Presumably, the customer would want one because it would be compatible with an existing SLR and lenses, and allow them to learn and use the same shooting techniques.
Unfortunately, 35mm silicon sensors are Not Cheap, so anything that is cheap is a lot smaller. Sensor processes have gotten pretty good, so cameras with nasty little sensors can wring out surprisingly good pictures; but that's with optics matched to their size. With an optics path expecting a 35mm area, it'll be like shooting through a straw.
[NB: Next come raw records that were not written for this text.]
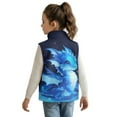 thumbnail image 2 of Uorisanigo Girls Boys Fleece Jacket Vest Lightweight Full Zipper Sleeveless Blue Dragon Starry Vest Jacket with Pockets Fall Winter Warm Outwear Kids Outdoor Layering, 2 of 7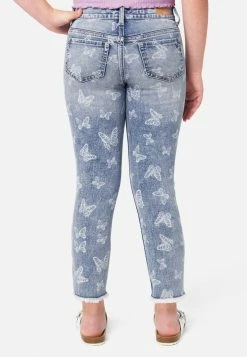Adjmi Bottoms Patterned Distressed Mini Mom Jean Leggings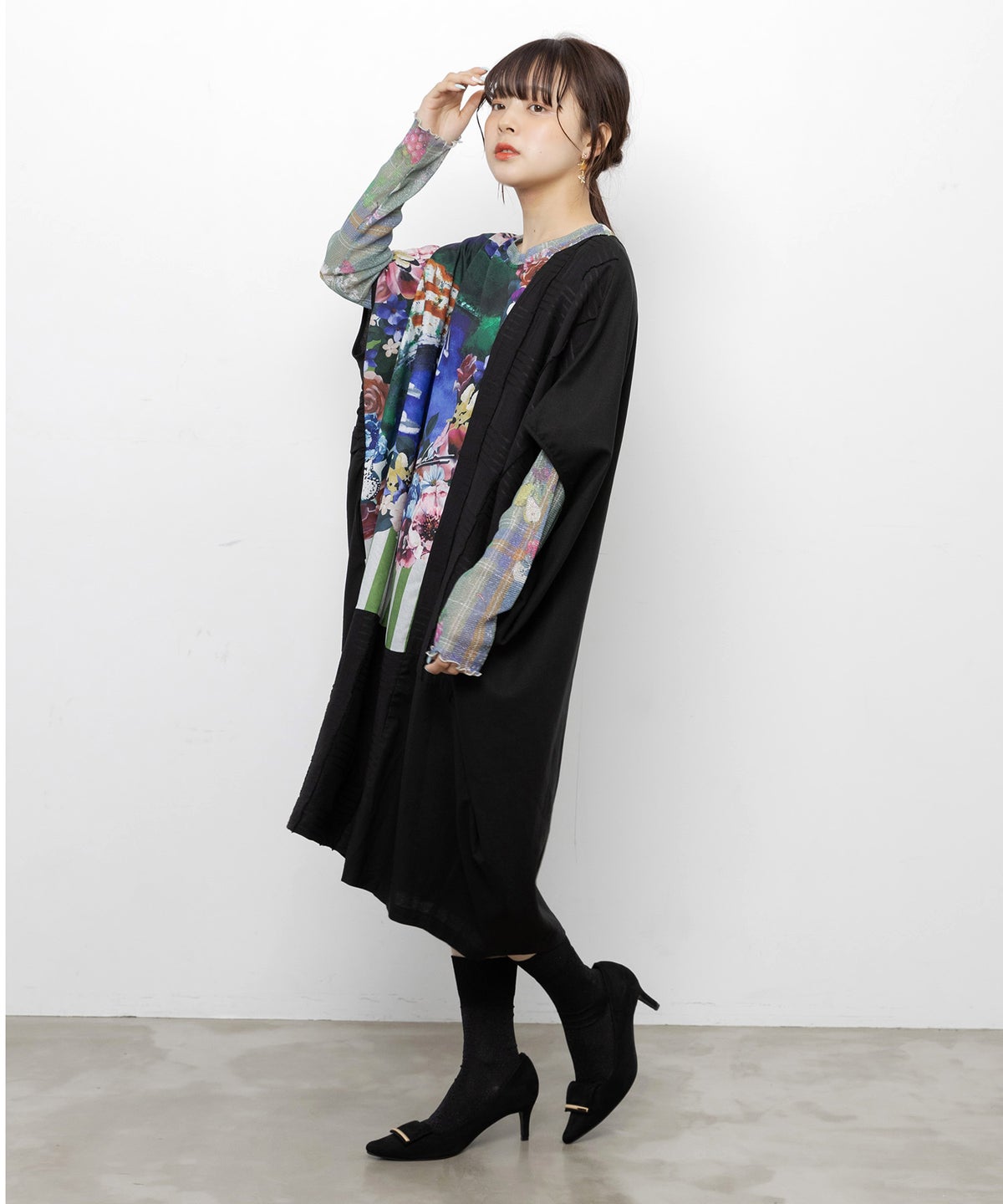 2柄展開 お花orチェック柄 ラメチュールインナー-7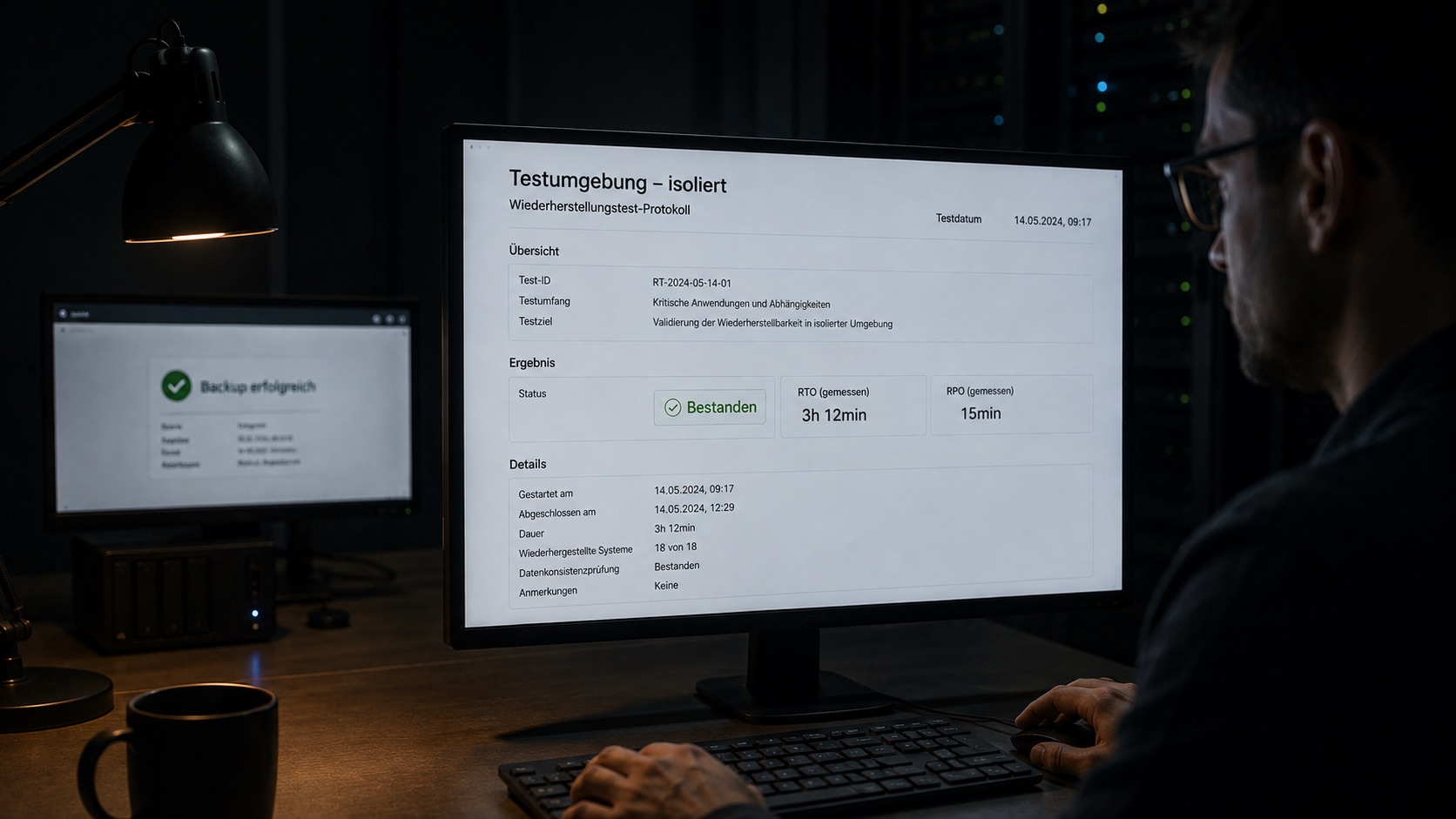 IT-Team prüft Wiederherstellbarkeit eines Backup-Systems anhand eines Recovery-Test-Checks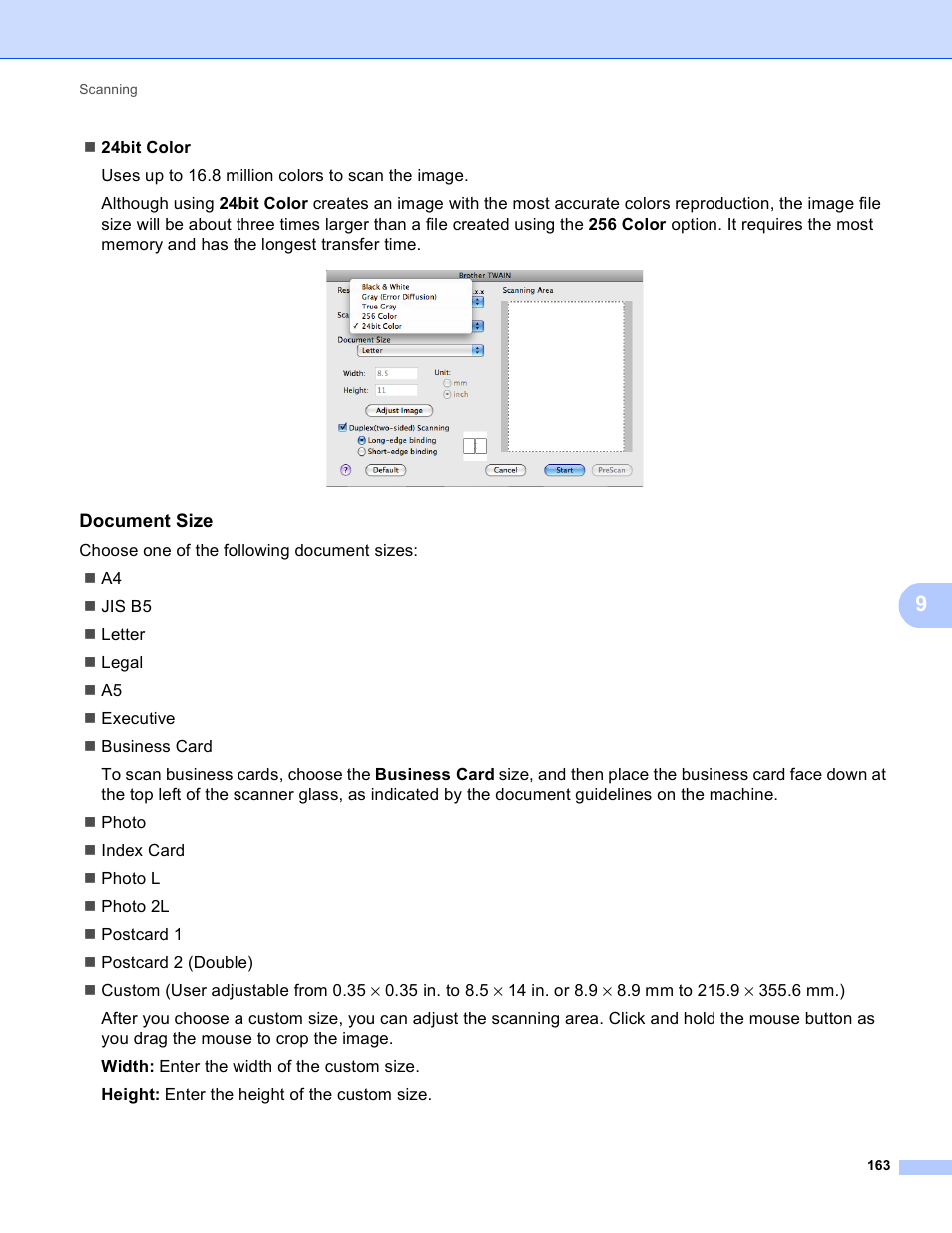 Document size | Brother MFC 9970CDW User Manual | Page 170 / 259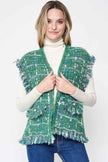 Plaid Tweed Vest - Pikemla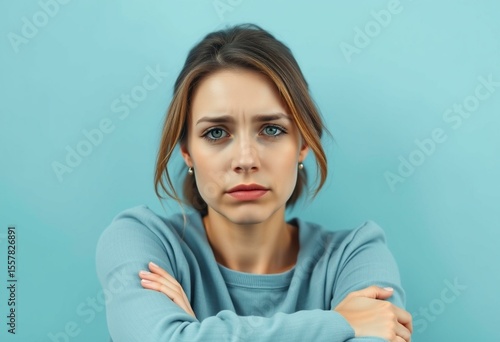 Sad female portrait in natural light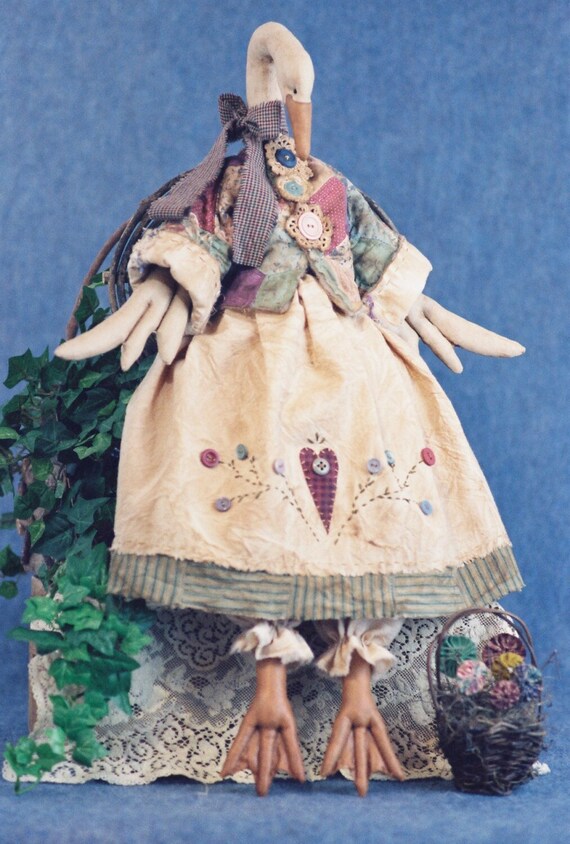 Gandering in the Garden - Mailed Cloth Doll Pattern - 26in Country Goose Bird Animal pattern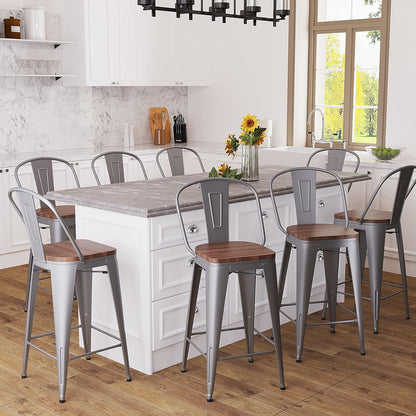Set of 4 Metal Bar Stools, 24-Inch Counter Height with Backs, Farmhouse Design, Larger Seat, High Back Kitchen Dining Chairs, Modern Silver Bar Chairs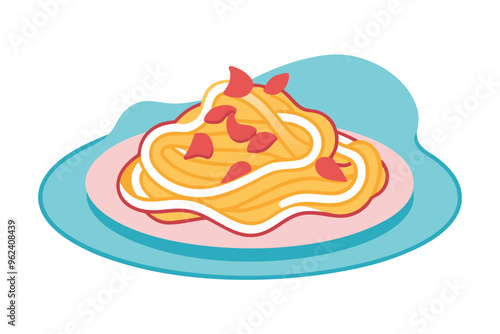 Italian Carbonara Pasta Platter Vector Design Crispy Bacon & Parmesan Perfection photo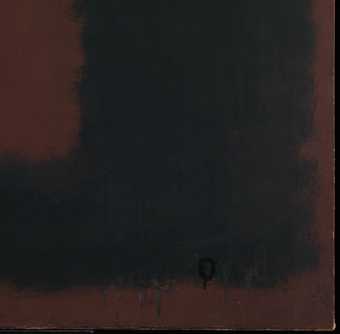 Corner detail of Untitled, Black on Maroon during treatment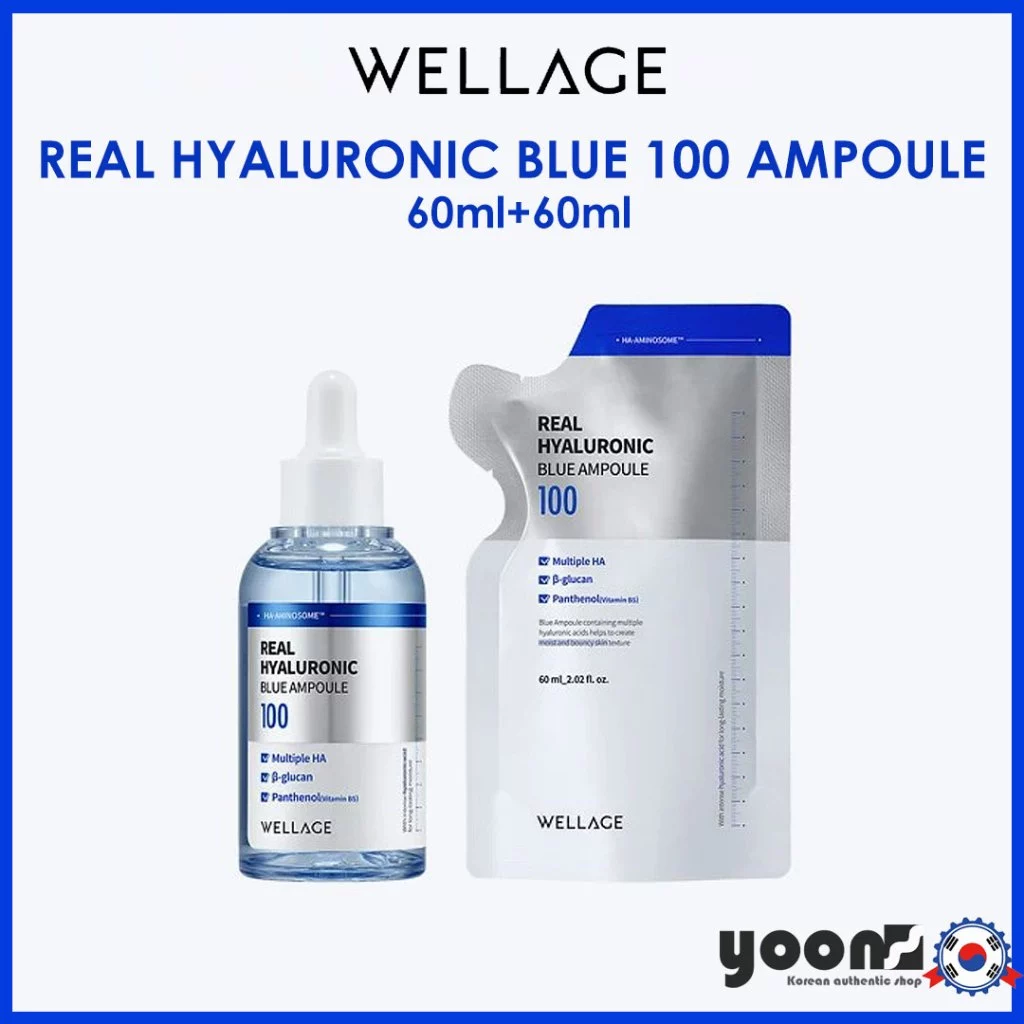(READY TO SHIP) [WELLAGE] REAL HYALURONIC BLUE 100 AMPOULE 60ml 1+1 (หลัก + รีฟิล)_จากเกาหลี
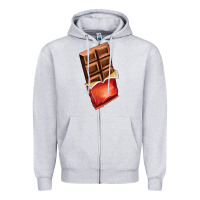 Heather Grey chocolate Zipper Hoodie - AdoDesignShop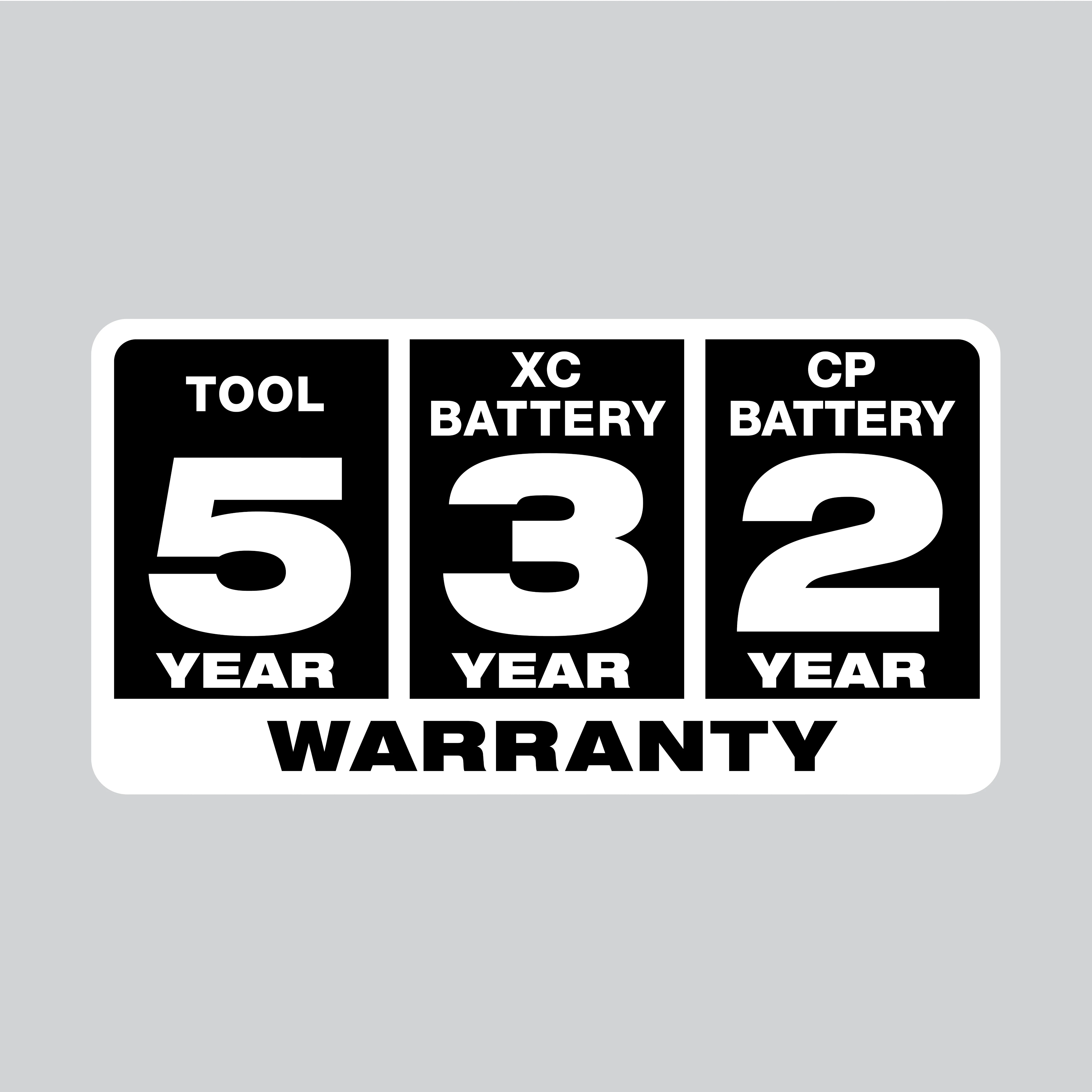 5 year tool, 3 year XC battery, 2 year CP battery warranty logo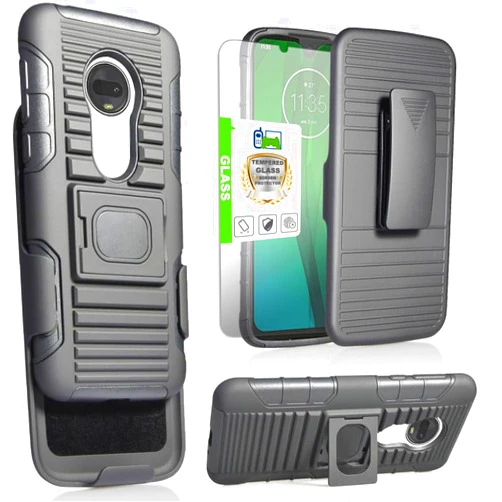 Telegaming for Motorola Moto G7 Phone Case, for T-mobile Revvlry+Plus Case, with Tempered Glass Screen Protector Belt Clip Holster Magnetic Ring Kickstand Shockproof Heavy Duty Phone Full Cover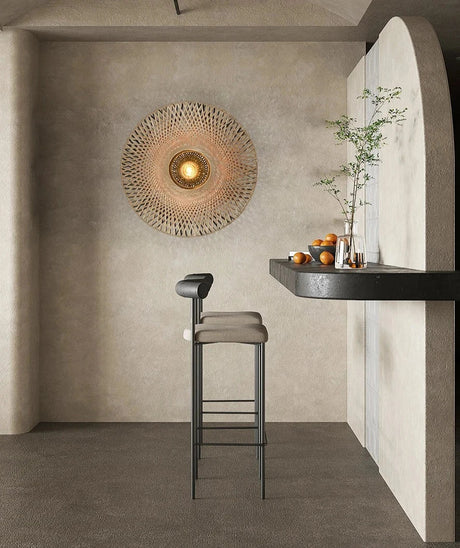 Japanese Wall Light  Bamboo Woven Disc Design - Product example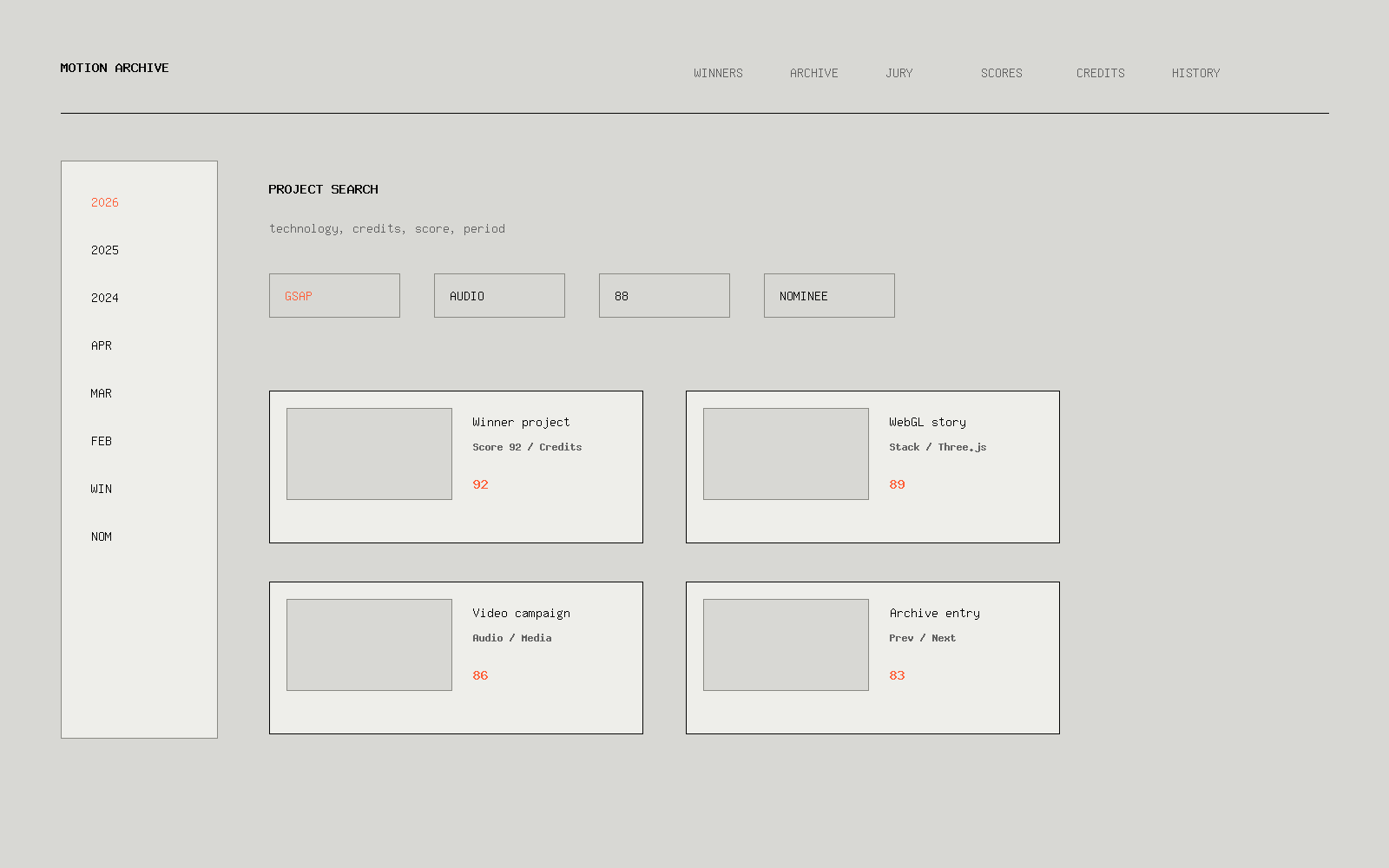 Motion Archive search results preview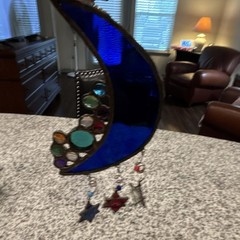 Stained Glass Crescent Moon Suncatcher, Multicolor Iridescent Bohemian Decor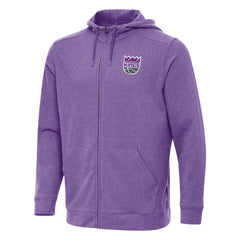 Sacramento Kings Antigua Effortless Full-Zip Hoodie Jacket Heather Purple - NBA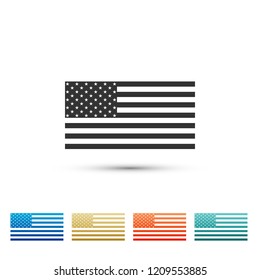 American flag icon isolated on white background. Flag of USA. Set elements in colored icons. Flat design. Vector Illustration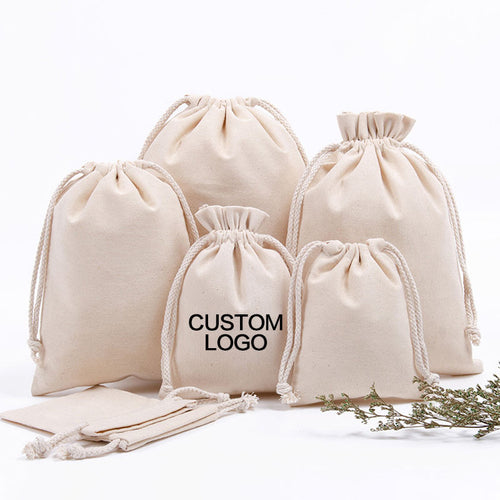 Round Cotton Linen Drawstring Gift Bag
You might be able to put one or more intermediate lenses on top of the smaller sensor, to provide a 35mm-size target and re-focus the image onto the actual sensor; but doing that is going to add distortion and eat some photons(the first you don't want if you are doing this to use your fancy SLR glass, the second you don't want because you are using a lousy, noisy, low-sensitivity sensor that really needs all the light it can get).
Because of those constraints, cheap SLR backs would likely be worse than cameras of equivalent price(especially since they'd have to come in multiple flavors to support different SLRs, while the cheapy point-and-shoots need be compatible with nothing but themselves and SD cards), which(along with actually-good DSLRs) confines the market for digital backs largely to crazed, price-insensitive, medium and large format devotees. Some pretty cool stuff; but for the price of a new car, you'd want it to be.
Doom and gloom aside, though, if one were willing to put up with the limitations and do a bit of bodging, I strongly suspect that you could get a functioning digital back, complete with handy screen and storage interface and things, by tearing the face off a poor, unsuspecting, digital point-and-shoot and then shoving it in such that its bare sensor is as close to where the film should be as possible.
You would have to contend with any self-testing that the camera does that might alert it to your alterations(spoofing of anything you have to remove or CHDK wizardry might do the trick, really ghastly cameras probably won't even check); but modern cheapy digitals are quite compact indeed, so finding one that fits should be doable, and the process of stripping a camera down is usually pretty simple. Whether you 3d-print a nice mount or use copious electrical tape to keep light out would then be between you and your conscience.
Plus, with ghastly point-and-shoots practically being given away(doubly so for used ones, or ones with damaged optics that you would be stripping anyway), it doesn't hurt to break a couple during the course of the R&D!